Employment, Wages And Inflation
November 12, 1999
Economists are somewhat awestruck by today's combination of tight labor markets and low inflation rates. For decades many believed low unemployment necessitates wage increases which boost inflation, and they are puzzled by the fact that "wage inflation" hasn't occurred.
How are employers who must scramble to attract workers -- often with signing bonuses and increases in benefits -- managing to hold the line on prices, and still make profits? That question puzzles even the Federal Reserve.
- In October, the unemployment rate fell to 4.1 percent -- the lowest in almost 30 years.
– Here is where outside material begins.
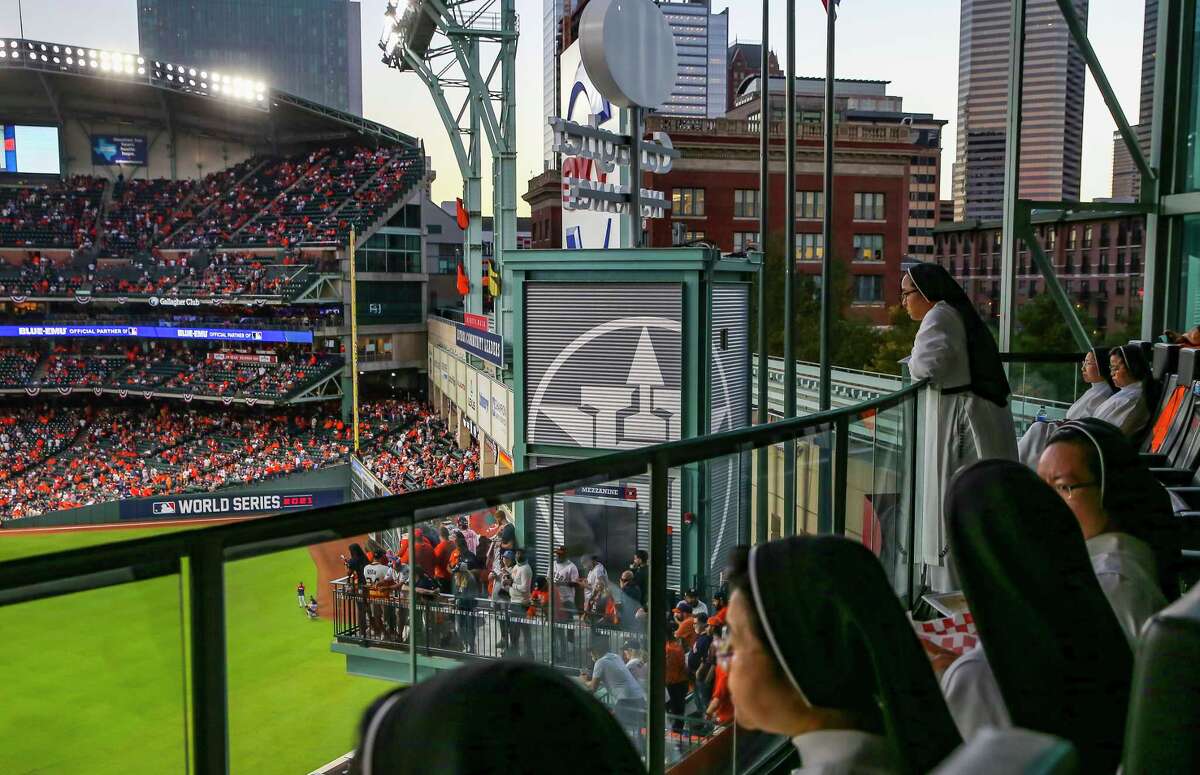 The "Rally Nuns" watch as the roof is opened before Game 2 of the World Series on Wednesday, Oct. 27, 2021 at Minute Maid Park in Houston.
- In an effort to avoid price increases without sacrificing profits, employers are turning to new forms of compensation -- such as the rising use of stock options in place of salary increases.
- Some are offering employees expensive gifts, extra time off and other benefits in an effort to attract new employees and hold on to the ones they have.
- Improved productivity is another tool, but as one Fed official said recently, "it defies all logic to assume you won't get increases in prices and wages at some point."
Some experts believe that if labor force growth remains at its current annual rate of roughly 1 percent, labor force participation remains steady at around 67 percent and the economy creates an average of around 250,000 nonfarm jobs a month, the unemployment rate will decline to as low as 3.5 percent by the middle of next year.